The simplest is probably a lookup table, if you've 4K free space:
static uint32_t t [ 1024 ] = { 0, 0x1, 0x8, ... };
uint32_t m ( int a, int b, int c )
{
return t[a] | ( t[b] << 1 ) | ( t[c] << 2 );
}
The bit hack uses shifts and masks to spread the bits out, so each time it shifts the value and ors it, copying some of the bits into empty spaces, then masking out combinations so only the original bits remain.
for example:
x = 0xabcd;
= 0000_0000_0000_0000_1010_1011_1100_1101
x = (x | (x << S[3])) & B[3];
= ( 0x00abcd00 | 0x0000abcd ) & 0xff00ff
= 0x00ab__cd & 0xff00ff
= 0x00ab00cd
= 0000_0000_1010_1011_0000_0000_1100_1101
x = (x | (x << S[2])) & B[2];
= ( 0x0ab00cd0 | 0x00ab00cd) & 0x0f0f0f0f
= 0x0a_b_c_d & 0x0f0f0f0f
= 0x0a0b0c0d
= 0000_1010_0000_1011_0000_1100_0000_1101
x = (x | (x << S[1])) & B[1];
= ( 0000_1010_0000_1011_0000_1100_0000_1101 |
0010_1000_0010_1100_0011_0000_0011_0100 ) &
0011_0011_0011_0011_0011_0011_0011_0011
= 0010_0010_0010_0011_0011_0000_0011_0001
x = (x | (x << S[0])) & B[0];
= ( 0010_0010_0010_0011_0011_0000_0011_0001 |
0100_0100_0100_0110_0110_0000_0110_0010 ) &
0101_0101_0101_0101_0101_0101_0101_0101
= 0100_0010_0100_0101_0101_0000_0101_0001
In each iteration, each block is split in two, the rightmost bit of the leftmost half of the block moved to its final position, and a mask applied so only the required bits remain.
Once you have spaced the inputs out, shifting them so the values of one fall into the zeros of the other is easy.
To extend that technique for more than two bits between values in the final result, you have to increase the shifts between where the bits end up. It gets a bit trickier, as the starting block size isn't a power of 2, so you could either split it down the middle, or on a power of 2 boundary.

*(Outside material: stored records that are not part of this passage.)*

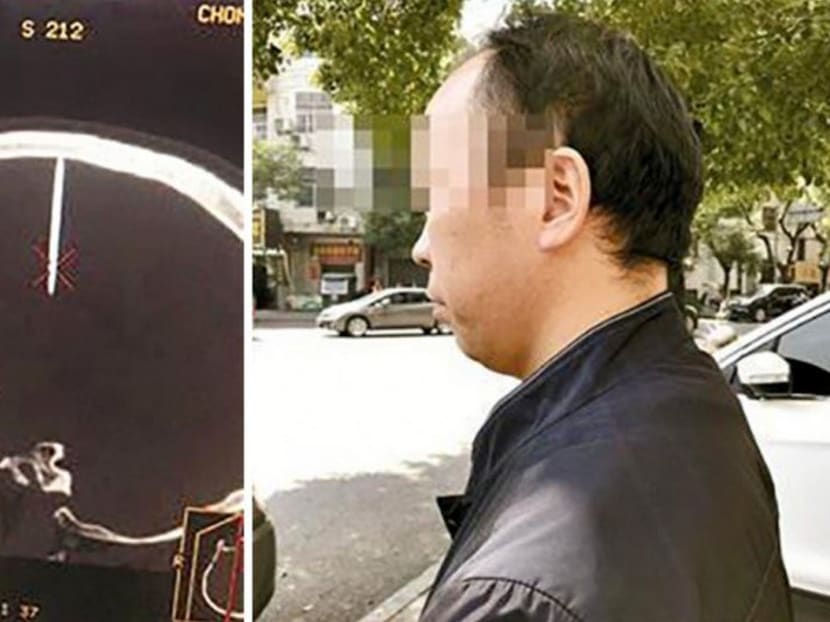 After they did a CT scan, doctors at the Chongyang People’s Hospital were shocked to discover a nail hanging from the right side of the man’s skull, according to the report.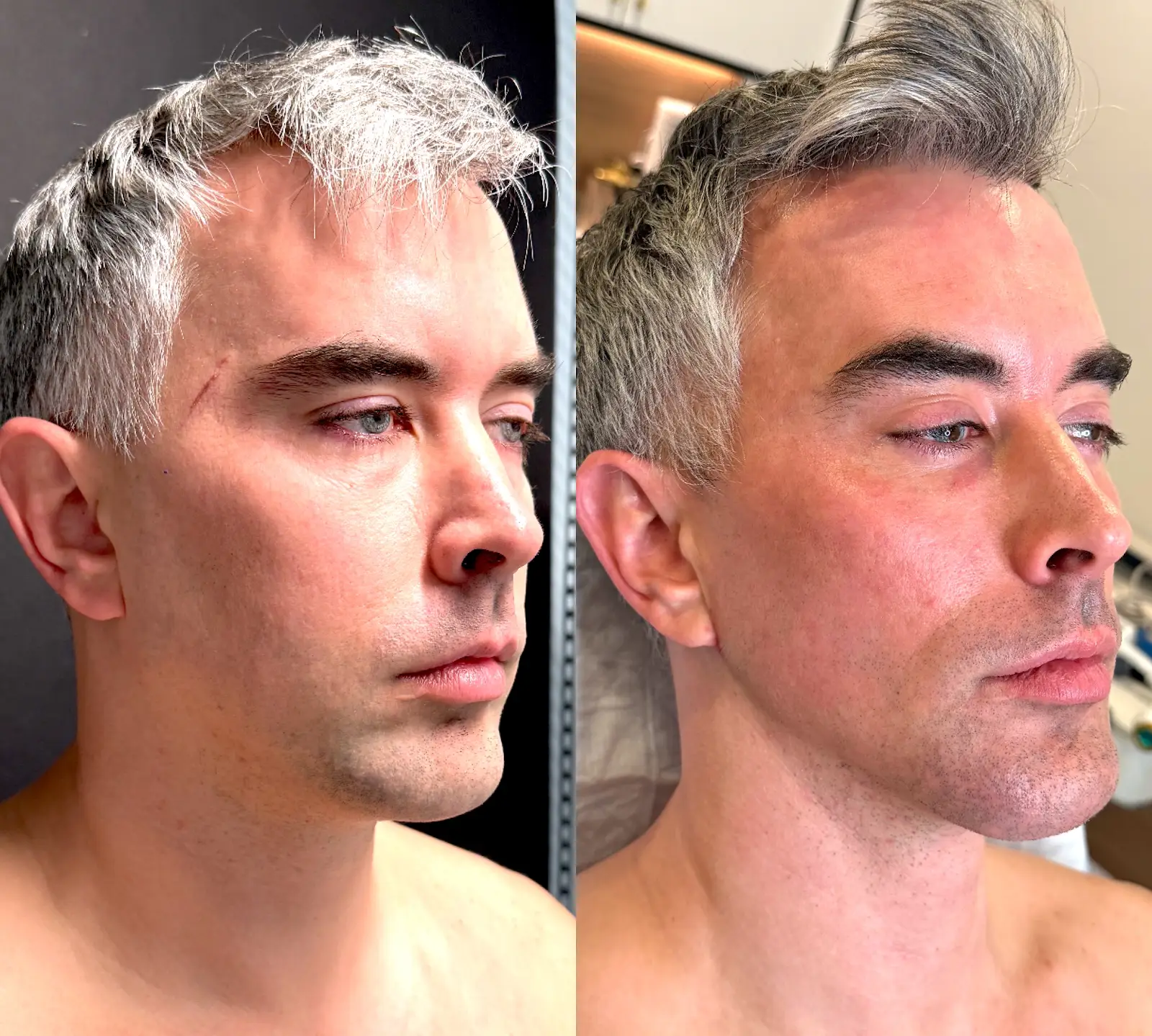 Gregg Starr — Face / three-quarter from the practice image archive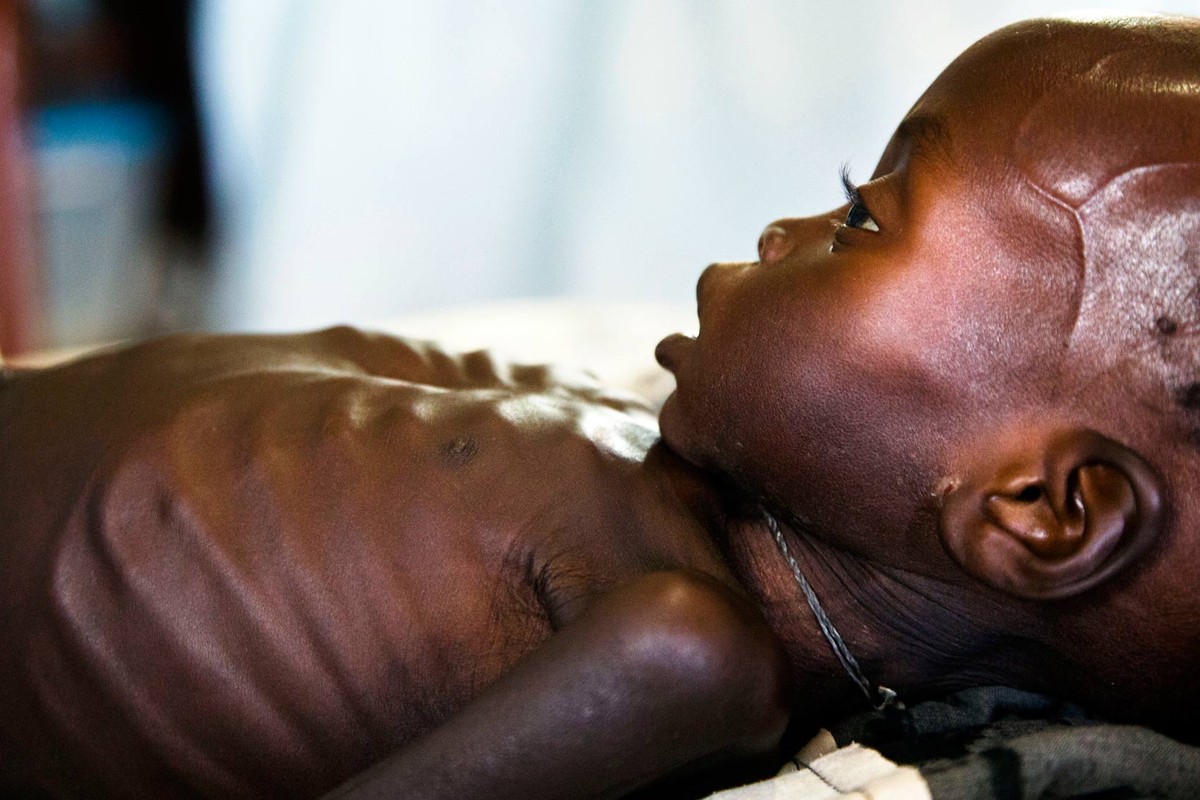 ONU diz que 1,4 milhão de crianças correm risco iminente de morrer de fome Mundo G1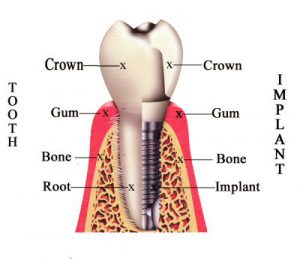 A dental implant diagram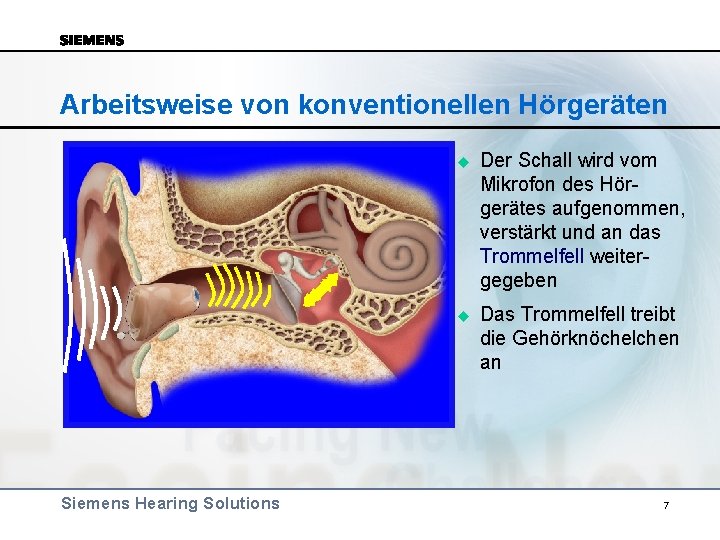 Arbeitsweise von konventionellen Hörgeräten Siemens Hearing Solutions u Der Schall wird vom Mikrofon des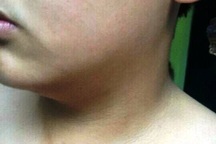 Học sinh lớp 8 bị thầy giáo hành hung đến thương tích?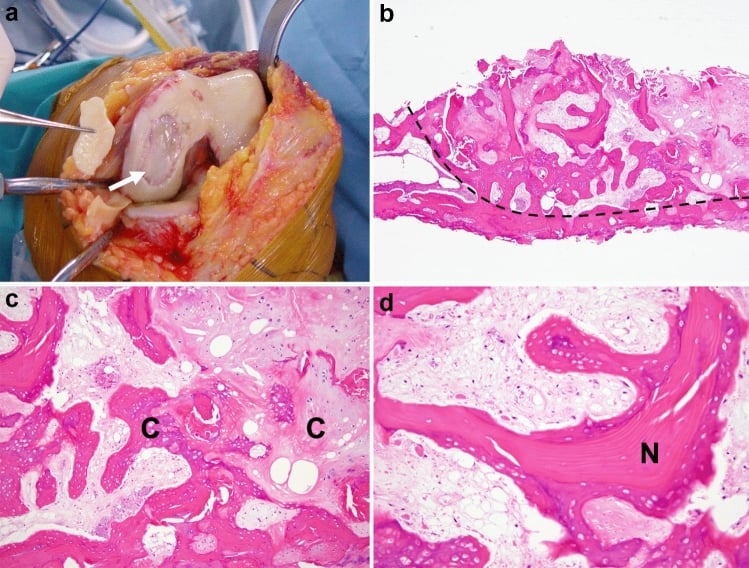 Operative osteochondral specimen and histology from subchondral insufficiency fracture of the medial femoral condyle.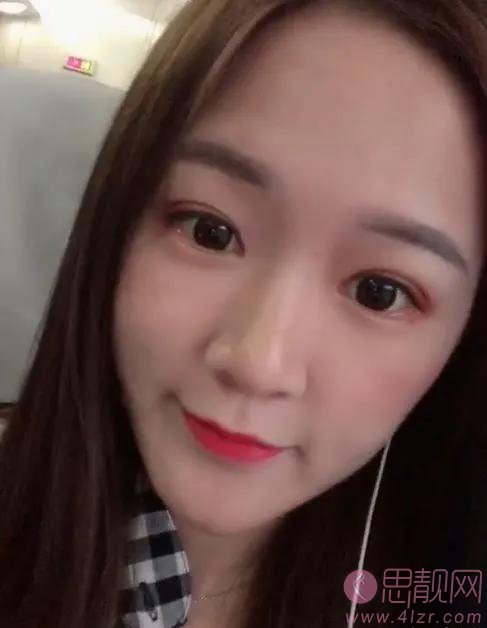 无锡坤如玛丽整形美容医院崔培培做双眼皮怎么样？附双眼皮真人案例一览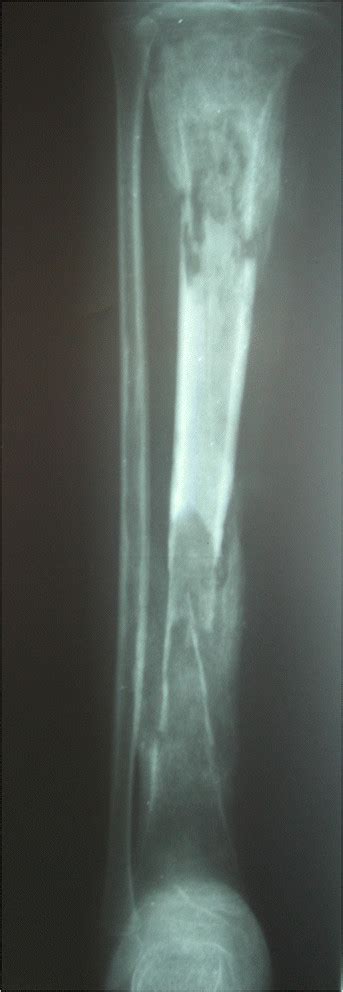 Type B4. Sequestrum present. Non-structural involucrum. Bone defect type | Download Scientific ...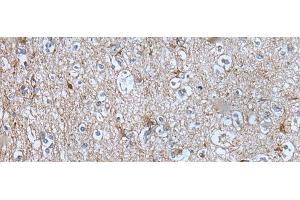 Immunohistochemistry of paraffin-embedded Human brain tissue using BMP1 Polyclonal Antibody at dilution of 1:105(x200) (BMP1 antibody)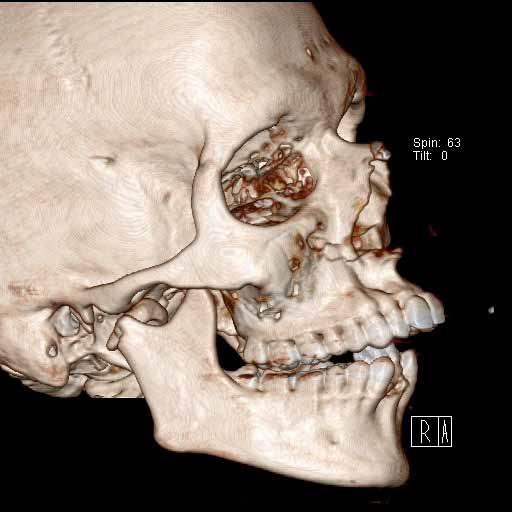 Figure 1 Three- dimensional facial bone CT imaging showing Le Fort I maxillary fracture,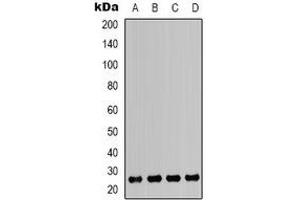 Western blot analysis of HMGB1 expression in Jurkat (A), K562 (B), MCF7 (C), A549 (D) whole cell lysates. (HMGB1 antibody)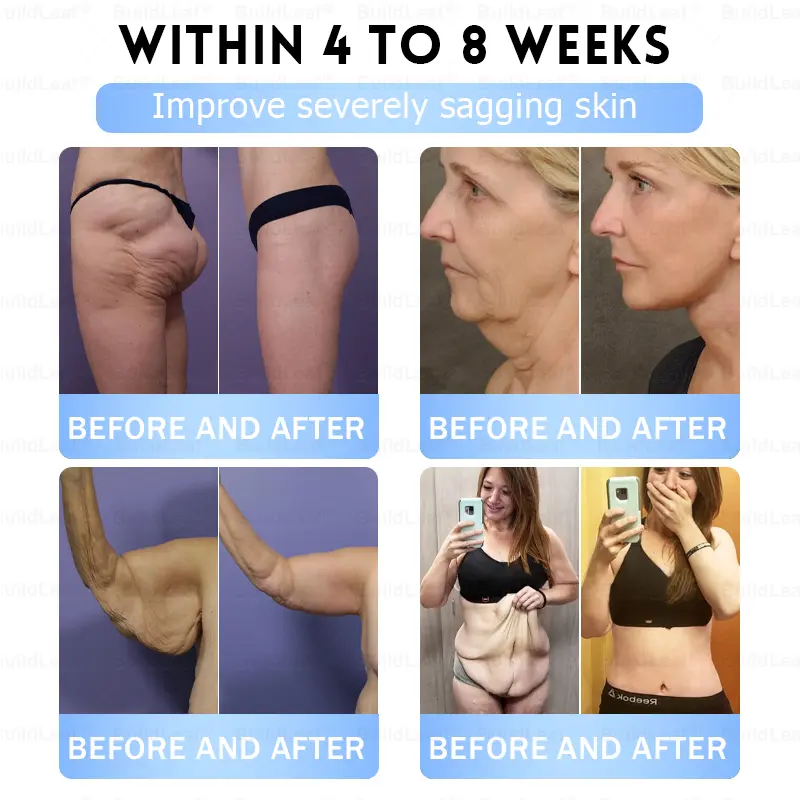 Slim & Firm Nano Microneedle Patch with Collagen - Image 8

So an evolution like this might work:
0000_0000_0000_0000_0000_0011_1111_1111
0000_0011_0000_0000_0000_0000_1111_1111
0000_0011_0000_0000_1111_0000_0000_1111
0000_0011_0000_1100_0011_0000_1100_0011
0000_1001_0010_0100_1001_0010_0100_1001
// 0000_0000_0000_0000_0000_0011_1111_1111
x = ( x | ( x << 16 ) ) & 0x030000ff;
// 0000_0011_0000_0000_0000_0000_1111_1111
x = ( x | ( x << 8 ) ) & 0x0300f00f;
// 0000_0011_0000_0000_1111_0000_0000_1111
x = ( x | ( x << 4 ) ) & 0x030c30c3;
// 0000_0011_0000_1100_0011_0000_1100_0011
x = ( x | ( x << 2 ) ) & 0x09249249;
// 0000_1001_0010_0100_1001_0010_0100_1001
Perform the same transformation on the inputs, shift one by one and another by two, or them together and you're done.